→ Exercise input
────────────────
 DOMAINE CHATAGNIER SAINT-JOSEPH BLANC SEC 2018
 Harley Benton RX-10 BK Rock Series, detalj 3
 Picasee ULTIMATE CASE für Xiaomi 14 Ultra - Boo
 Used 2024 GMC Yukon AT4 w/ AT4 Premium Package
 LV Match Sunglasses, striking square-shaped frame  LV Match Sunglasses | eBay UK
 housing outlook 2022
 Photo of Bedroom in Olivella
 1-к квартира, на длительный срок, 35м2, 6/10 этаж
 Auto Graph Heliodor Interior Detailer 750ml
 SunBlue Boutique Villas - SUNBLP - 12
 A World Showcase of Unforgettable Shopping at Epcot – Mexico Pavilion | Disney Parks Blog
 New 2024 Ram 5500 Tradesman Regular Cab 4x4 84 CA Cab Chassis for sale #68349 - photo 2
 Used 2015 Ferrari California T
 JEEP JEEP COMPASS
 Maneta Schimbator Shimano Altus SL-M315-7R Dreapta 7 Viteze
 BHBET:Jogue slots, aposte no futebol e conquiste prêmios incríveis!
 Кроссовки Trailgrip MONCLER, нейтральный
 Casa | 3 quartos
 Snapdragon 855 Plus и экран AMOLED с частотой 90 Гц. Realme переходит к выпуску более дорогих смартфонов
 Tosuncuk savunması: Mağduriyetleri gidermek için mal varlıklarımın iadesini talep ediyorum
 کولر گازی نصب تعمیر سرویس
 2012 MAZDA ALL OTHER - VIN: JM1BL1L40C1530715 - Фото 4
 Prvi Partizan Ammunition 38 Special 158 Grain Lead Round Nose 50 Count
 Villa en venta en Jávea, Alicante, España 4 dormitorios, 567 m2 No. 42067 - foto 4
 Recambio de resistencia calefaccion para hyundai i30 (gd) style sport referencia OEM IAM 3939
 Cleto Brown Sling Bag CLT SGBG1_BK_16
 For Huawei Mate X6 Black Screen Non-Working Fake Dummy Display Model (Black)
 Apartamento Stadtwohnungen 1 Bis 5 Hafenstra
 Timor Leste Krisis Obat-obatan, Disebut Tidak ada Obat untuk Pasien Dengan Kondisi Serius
────────────────
→ About this task
Return each line in the records that holds the string "Used".

→ Result of this exercise
 Used 2024 GMC Yukon AT4 w/ AT4 Premium Package
 Used 2015 Ferrari California T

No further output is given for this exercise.